Minor self-citation to DM model choice; forecast derivation remains independent of fitted inputs

specific steps
  1. self citation load bearing [Abstract and DM modeling section]
    "the corrected Macquart's PDF (Zhuge+2025) and the log-normal distribution"

    The paper adopts the corrected Macquart PDF via self-citation to prior work by the lead author. While this choice affects the simulated DM scatter and thus the recovered constraints, the citation is not used to justify a uniqueness theorem or to forbid alternatives; the paper still compares it against a log-normal alternative and reports results under both.

full rationale

The paper performs forward simulations of GW-FRB associations under chosen DM distributions (corrected Macquart PDF from Zhuge+2025 and log-normal) and recovers parameters from those mocks. No equation reduces a claimed prediction to a fitted input by construction, and the central claim is a comparative forecast between LV and CE sensitivities rather than a tautological recovery. The sole self-citation (Zhuge+2025) supplies one modeling choice but is not load-bearing for the degeneracy-breaking result itself, which follows from the simulation pipeline and detector assumptions. This matches the expected low-circularity outcome for simulation-based forecasts.

Axiom & Free-Parameter Ledger

1 free parameters · 1 axioms · 0 invented entities

The framework assumes the existence of identifiable GW-FRB associations and adopts specific DM probability distributions (corrected Macquart PDF from Zhuge+2025 and log-normal) whose parameters are treated as known inputs.

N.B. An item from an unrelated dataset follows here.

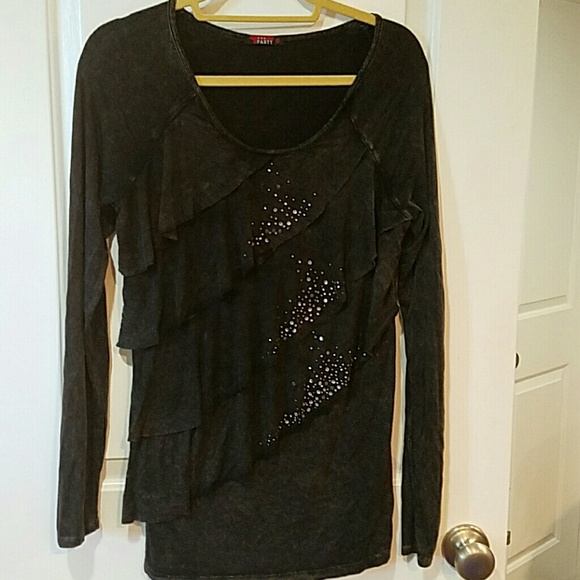 T Party top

No new entities are postulated.

free parameters (1)
  • DM distribution parameters
    Parameters of the corrected Macquart PDF and log-normal distribution are taken from prior work or assumed; their impact is tested but not derived from first principles within the paper.
axioms (1)
  • domain assumption True GW-FRB associations can be identified with sufficient purity for cosmological use
    The entire analysis presupposes that associations exist and can be selected without catastrophic contamination.